Effects of SECp43 on selenoprotein synthesis and selenoprotein mRNA levels.

We and others have previously shown that several of the factors involved in selenocysteine incorporation, including tRNA^[Ser]Sec, SPS1, and SBP2, are limiting for selenocysteine incorporation in mammalian cell lines and enhance incorporation upon their overexpression (3, 6, 17, 18). Given the effects of SECp43 expression on the interactions of the other factors discussed above, we examined the effects of SECp43 expression on selenoprotein synthesis. Zebra fish selenoprotein Pa was expressed in the absence or presence of SECp43 cotransfection. SECp43 coexpression, however, significantly increased the levels of zebra fish selenoprotein Pa production (Fig. 5A). We previously showed that expression of SBP2 results in an increase in premature termination products from zebra fish selenoprotein Pa. We speculated that this may be due to an increased incorporation rate at early UGA codons, resulting in inability to outcompete termination at downstream UGAs. We also showed that this effect was reversed upon expression of EFsec (26). Strikingly, expression of SECp43 resulted in a similar reversal of termination of zebra fish selenoprotein Pa (Fig. 5B), further supporting its role in UGA decoding.

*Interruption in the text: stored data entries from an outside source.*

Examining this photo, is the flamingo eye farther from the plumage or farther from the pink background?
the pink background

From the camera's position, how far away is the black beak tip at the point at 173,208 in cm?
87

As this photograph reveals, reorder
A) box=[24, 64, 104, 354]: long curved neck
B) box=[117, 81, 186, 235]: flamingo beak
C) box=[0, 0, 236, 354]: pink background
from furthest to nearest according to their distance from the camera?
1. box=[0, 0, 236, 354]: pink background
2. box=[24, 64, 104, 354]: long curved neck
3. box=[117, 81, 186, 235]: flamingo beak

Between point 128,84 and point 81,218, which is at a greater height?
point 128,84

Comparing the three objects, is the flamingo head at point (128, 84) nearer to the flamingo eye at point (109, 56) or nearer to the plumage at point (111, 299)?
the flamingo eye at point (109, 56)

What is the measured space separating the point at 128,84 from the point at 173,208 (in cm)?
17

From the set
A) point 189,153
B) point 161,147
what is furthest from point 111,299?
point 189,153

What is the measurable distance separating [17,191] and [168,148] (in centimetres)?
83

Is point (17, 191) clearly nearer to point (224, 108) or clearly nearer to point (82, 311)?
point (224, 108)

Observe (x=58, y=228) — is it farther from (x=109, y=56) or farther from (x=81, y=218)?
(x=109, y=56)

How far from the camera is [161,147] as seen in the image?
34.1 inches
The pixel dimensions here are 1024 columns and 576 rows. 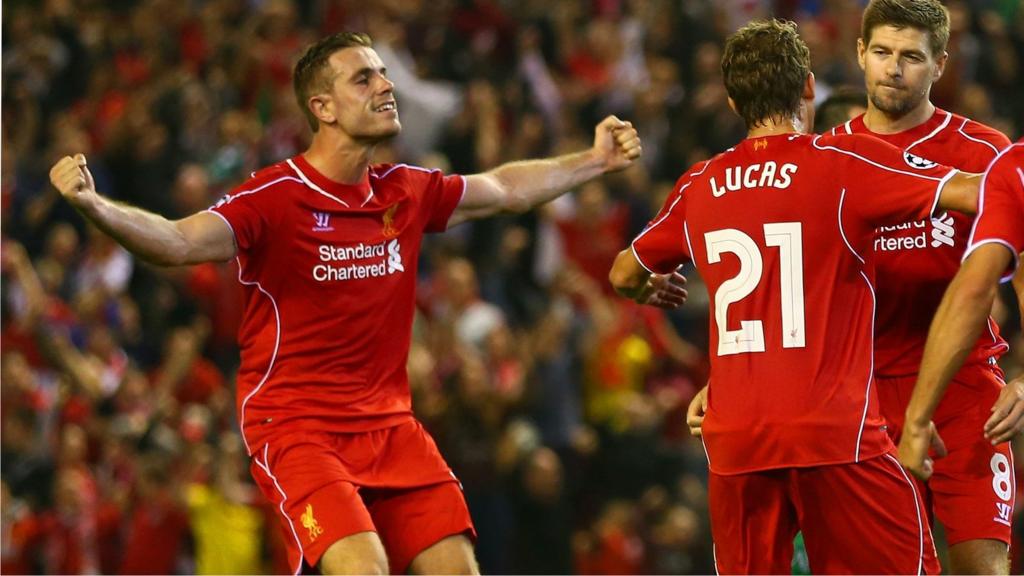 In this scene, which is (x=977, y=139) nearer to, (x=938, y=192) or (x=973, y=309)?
(x=938, y=192)

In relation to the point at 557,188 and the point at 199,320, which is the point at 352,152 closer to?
the point at 557,188

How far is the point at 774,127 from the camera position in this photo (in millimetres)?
5855

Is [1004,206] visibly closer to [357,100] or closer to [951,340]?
[951,340]

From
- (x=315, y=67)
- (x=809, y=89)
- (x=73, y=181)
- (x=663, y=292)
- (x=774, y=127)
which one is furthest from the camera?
(x=315, y=67)

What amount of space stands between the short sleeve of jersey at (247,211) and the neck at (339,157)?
0.96 feet

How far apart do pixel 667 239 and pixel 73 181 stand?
2.21 m

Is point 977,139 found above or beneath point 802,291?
above

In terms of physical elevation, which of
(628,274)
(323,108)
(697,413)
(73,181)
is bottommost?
(697,413)

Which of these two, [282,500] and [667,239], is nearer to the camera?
[667,239]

As increased efficiency of selenoprotein synthesis also has implications for the ability of selenoprotein mRNAs to elude nonsense-mediated decay, we examined the responses of selenoprotein mRNAs to SECp43 overexpression in three cell lines, HepG2, HeLa, and HEK-293; transfection of SECp43 resulted in ∼1.5-, ∼8-, and 18-fold increases in the levels of SECp43, respectively, in these three lines (Fig. 5C). In each case, selenoprotein mRNA levels correlated with the increases in SECp43 mRNA levels, i.e., minimal changes in HepG2 cells, modest changes in HeLa, and more significant changes in HEK-293 cells. Intriguingly, the endogenous levels of SECp43 mRNA were lowest in HEK-293 and highest in HepG2. Notably, the mRNA for thioredoxin reductase 1 exhibited the smallest increases, and these are not likely to be due to a nonsense-decay-related effect, as the UGA selenocysteine codon and the termination codon are not separated by an intron in the pre-mRNA. Stabilization of the thioredoxin reductase 1 mRNA may be due to increased recruitment of factors to the 3′ untranslated region, potentially masking the AU-rich elements in this region.

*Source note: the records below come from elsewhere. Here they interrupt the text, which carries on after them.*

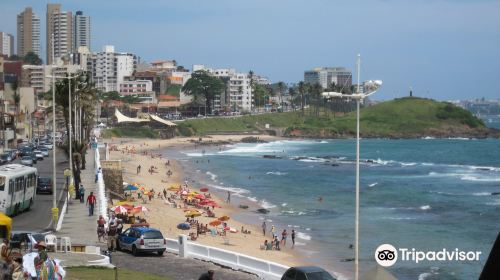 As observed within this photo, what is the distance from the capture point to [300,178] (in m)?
90.5

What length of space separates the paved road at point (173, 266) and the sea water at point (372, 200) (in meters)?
11.4

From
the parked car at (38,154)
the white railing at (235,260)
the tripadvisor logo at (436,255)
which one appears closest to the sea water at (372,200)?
the tripadvisor logo at (436,255)

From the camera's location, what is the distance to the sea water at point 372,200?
139ft

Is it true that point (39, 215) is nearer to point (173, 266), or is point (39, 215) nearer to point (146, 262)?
point (146, 262)

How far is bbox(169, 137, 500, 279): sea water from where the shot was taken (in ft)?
139

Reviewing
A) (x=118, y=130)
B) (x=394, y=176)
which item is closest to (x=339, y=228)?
(x=394, y=176)

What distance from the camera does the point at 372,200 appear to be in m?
68.2

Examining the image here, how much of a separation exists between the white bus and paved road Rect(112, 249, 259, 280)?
7.89 metres

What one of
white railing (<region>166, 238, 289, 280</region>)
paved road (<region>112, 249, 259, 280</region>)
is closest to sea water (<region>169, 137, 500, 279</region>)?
white railing (<region>166, 238, 289, 280</region>)

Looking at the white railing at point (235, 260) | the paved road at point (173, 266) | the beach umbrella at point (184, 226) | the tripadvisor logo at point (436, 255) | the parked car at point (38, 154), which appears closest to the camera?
the paved road at point (173, 266)

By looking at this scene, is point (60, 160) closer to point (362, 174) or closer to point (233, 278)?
point (362, 174)

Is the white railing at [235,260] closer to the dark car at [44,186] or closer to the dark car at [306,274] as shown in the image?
the dark car at [306,274]

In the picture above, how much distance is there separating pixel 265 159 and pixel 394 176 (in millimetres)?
29791

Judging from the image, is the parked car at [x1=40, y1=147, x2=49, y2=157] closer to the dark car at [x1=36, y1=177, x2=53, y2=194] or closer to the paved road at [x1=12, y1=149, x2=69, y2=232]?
the paved road at [x1=12, y1=149, x2=69, y2=232]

We next sought to assess whether the increases in selenoprotein mRNA levels observed in Fig. 5C could be due to circumvention of the nonsense-mediated-decay pathway, as a result of increased UGA decoding efficiency when SECp43 is overexpressed. Targeting of an mRNA to the nonsense-mediated-decay pathway occurs when a nonsense codon is found upstream of an intron in the pre-mRNA. Under conditions of limited selenium, the UGA selenocysteine codon is interpreted as a nonsense codon (21). In selenoprotein genes where the selenocysteine codon occurs upstream of an intron, e.g., glutathione peroxidase 1 (GPX1), selenium deprivation has been shown to trigger nonsense-mediated decay of the selenoprotein mRNA (21). Constructs encoding GPX1, either containing or lacking the intron downstream of the UGA codon, were transfected in the presence or absence of SECp43 cotransfection. All of the treatment groups were also cotransfected with Sec-tRNA^[Ser]Sec and SBP2 expression plasmids to ensure that these factors were not limiting; however, these cells were not supplemented with sodium selenite. GPX1 mRNA levels were quantitated by real-time RT-PCR using two sets of primer pairs specific to the exogenous mouse GPX1 constructs but not the endogenous human GPX1 gene product (Fig. 5D, upper panels). SECp43 cotransfection produced ∼6.4- and 11.7-fold increases in GPX1 mRNA derived from the intron-containing construct (Fig. 5D), whereas no change was detected in the levels of GPX1 mRNA derived from the intronless construct (Fig. 5D), strongly supporting a nonsense-mediated-decay effect on the mRNA that is partially overcome by SECp43. Further, GPX1 mRNA levels derived from the intron-containing construct in the absence of SECp43 were lower than from the intronless construct, suggesting that the nonsense-mediated-decay pathway decreased mRNA levels derived from the former, while the latter is insensitive to this pathway.

Defining the supramolecular complexes required for selenocysteine incorporation.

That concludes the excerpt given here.